Immunol Res. 2016 Jun;64(3):677-86. doi: 10.1007/s12026-015-8774-6.
Anti-signal recognition particle (SRP) antibodies are important serological markers for the diagnosis and the prognosis of idiopathic inflammatory myopathy (IIM), especially to distinguish immune-mediated necrotizing myopathy (IMNM). This study was set up to investigate the phenotype associated with anti-SRP antibodies and to evaluate the methods for detecting these antibodies. Clinical and biological data were retrospectively obtained from 60 adult patients with anti-SRP antibodies detected by a dot immunoassay from 12 centers. Thirty-six (60 %) out of these 60 patients suffered from an IIM, and among them, 21 patients were diagnosed as IMNM. Among patients with a definite IIM, proximal weakness and myalgia were prominent symptoms at the time of diagnosis. Only few patients displayed severe extra-muscular symptoms such as cardiac involvement or severe myositis. Mean creatine kinase levels were high for all patients except for two of them. When testing by indirect immunofluorescence (IIF) on HEp2 cells, the fraction of patients displaying the typical anti-SRP fine speckled staining of the cytoplasm was higher in patients with IIM (30/36) (83 %) than in patients with non-IIM (3/24) (12.5 %) (p < 0.0001).

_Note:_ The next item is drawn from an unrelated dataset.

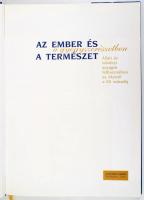 Szarvasházi Judit: Az ember és a természet a gyógyszerészetben. Állati és növényi anyagok felhasznál...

Thirty (91 %) out of 33 patients with a positive immunodot and a characteristic IIF cytoplasmic staining suffered from a clinical definite myositis, whereas only 6 (22 %) out of 27 patients with a positive immunodot but a negative cytoplasmic pattern suffered from a myositis (p < 0.00001). This series highlights the strong heterogeneity of anti-SRP positivity that encompassed IMNM and non-IMNM and supports the necessity of considering both IIF and dot immunoassay to confirm the diagnosis of anti-SRP-associated myositis.
抗信号识别颗粒(SRP)抗体是特发性炎性肌病(IIM)诊断和预后的重要血清学标志物,尤其有助于鉴别免疫介导的坏死性肌病(IMNM)。本研究旨在调查与抗SRP抗体相关的表型,并评估检测这些抗体的方法。回顾性收集了来自12个中心通过斑点免疫测定法检测出抗SRP抗体的60例成年患者的临床和生物学数据。这60例患者中有36例(60%)患有IIM,其中21例被诊断为IMNM。在确诊为IIM的患者中,近端肌无力和肌痛是诊断时的突出症状。仅有少数患者表现出严重的肌肉外症状,如心脏受累或严重肌炎。除2例患者外,所有患者的肌酸激酶平均水平均较高。当在HEp2细胞上通过间接免疫荧光法(IIF)检测时,表现出典型的抗SRP细胞质细颗粒状染色的IIM患者比例(30/36,83%)高于非IIM患者(3/24,12.5%)(p<0.0001)。在33例免疫斑点阳性且具有特征性IIF细胞质染色的患者中,30例(91%)患有临床确诊的肌炎,而在27例免疫斑点阳性但细胞质模式阴性的患者中,仅有6例(22%)患有肌炎(p<0.00001)。该系列研究突出了抗SRP阳性的强异质性,包括IMNM和非IMNM,并支持需要同时考虑IIF和斑点免疫测定法以确诊抗SRP相关肌炎。